Exercise details >> Make an exact copy of each entry, leaving out every picture.
──────── Task data
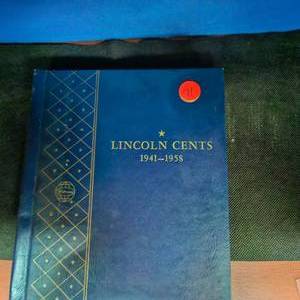 lot 71 image: Lincoln Wheat Cents Book, 1941-58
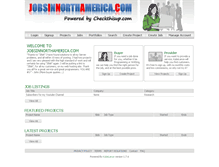 Tablet Screenshot of jobsinnorthamerica.com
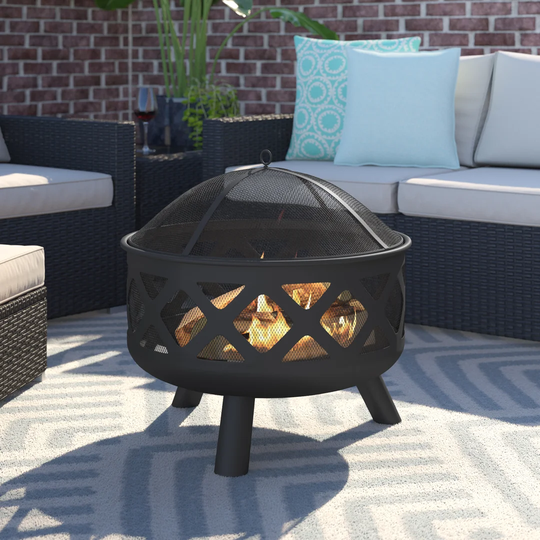 Tara Steel Outdoor Fire Pit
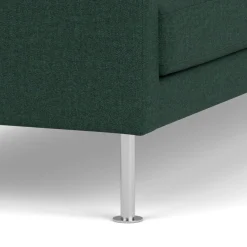 Unit10 L42 Firhøj - 2,5 pers. sofa - Stål - Green (32)- 2,5 Personers Sofa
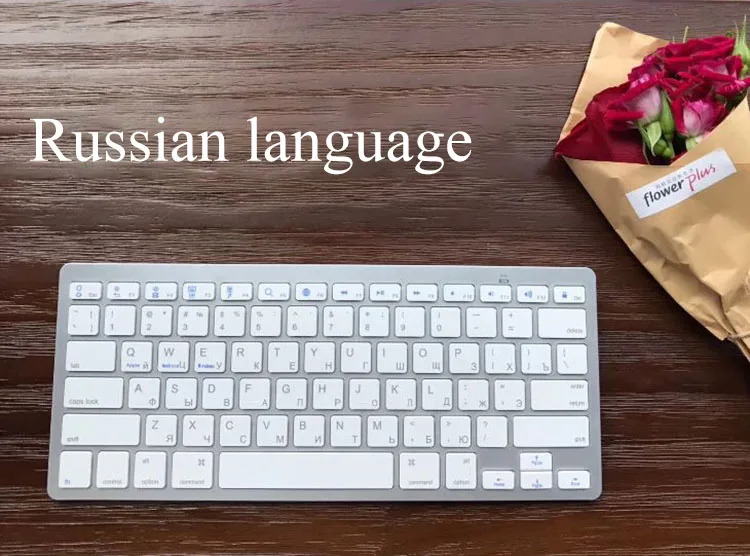 Ультра-тонкая беспроводная клавиатура Bluetooth для Iphone Ipad Android Tablet PC Phone и других устройств с поддержкой Bluetooth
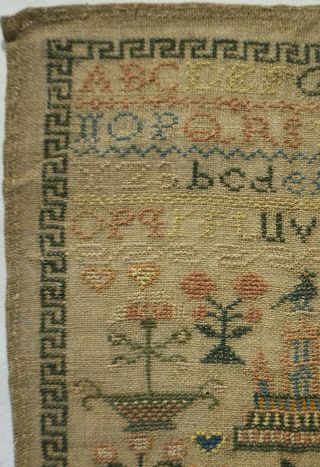 MID 19TH CENTURY MOTIF & ALPHABET SAMPLER BY LUCY COOPER - Feb 17th 1852 4
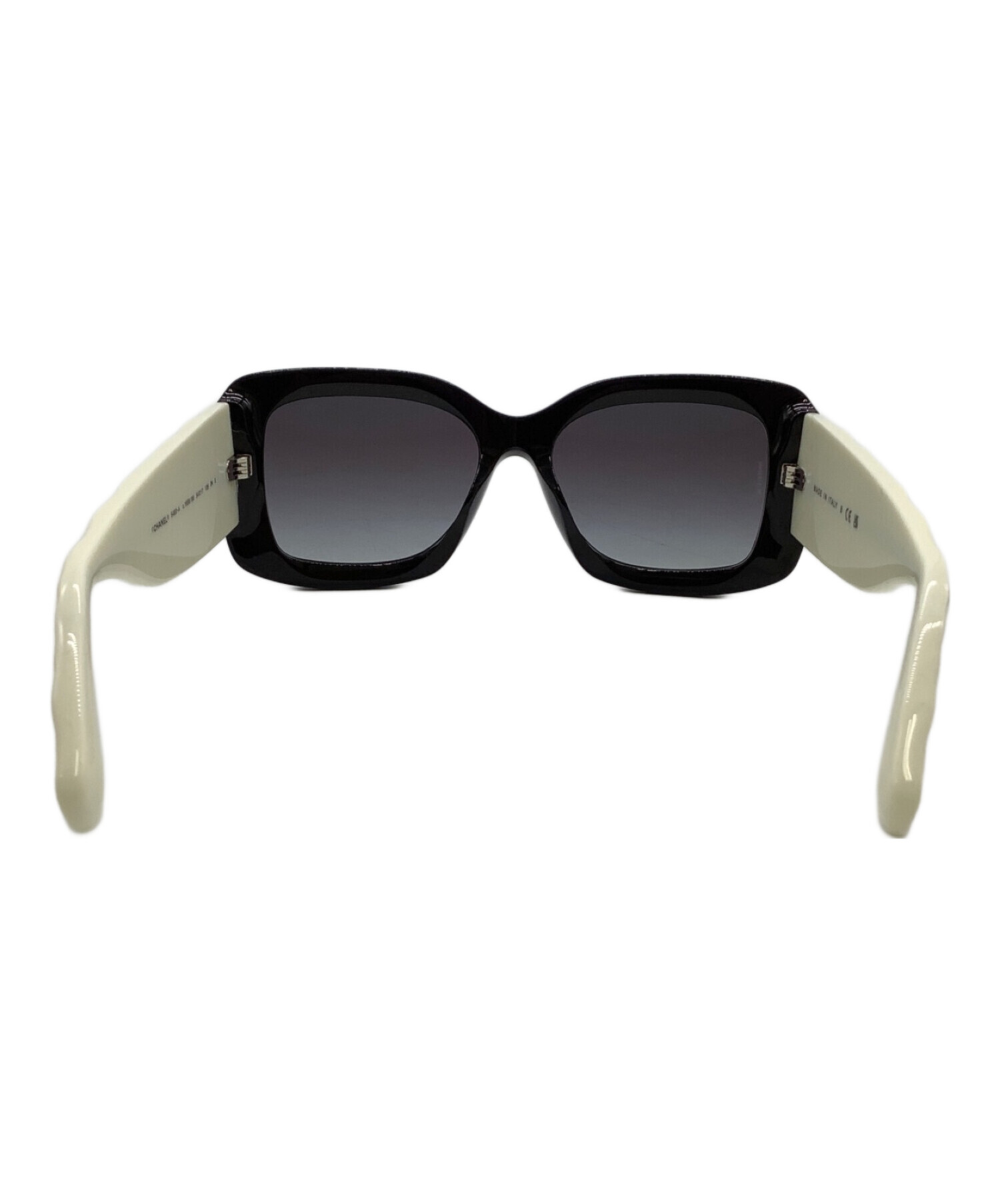 中古・古着通販】CHANEL (シャネル) サングラス ブラック×ホワイト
────────────────
Output of the exercise >>
 lot 71 image: Lincoln Wheat Cents Book, 1941-58
 Tablet Screenshot of jobsinnorthamerica.com
 Tara Steel Outdoor Fire Pit
 Unit10 L42 Firhøj - 2,5 pers. sofa - Stål - Green (32)- 2,5 Personers Sofa
 Ультра-тонкая беспроводная клавиатура Bluetooth для Iphone Ipad Android Tablet PC Phone и других устройств с поддержкой Bluetooth
 MID 19TH CENTURY MOTIF & ALPHABET SAMPLER BY LUCY COOPER - Feb 17th 1852 4
 中古・古着通販】CHANEL (シャネル) サングラス ブラック×ホワイト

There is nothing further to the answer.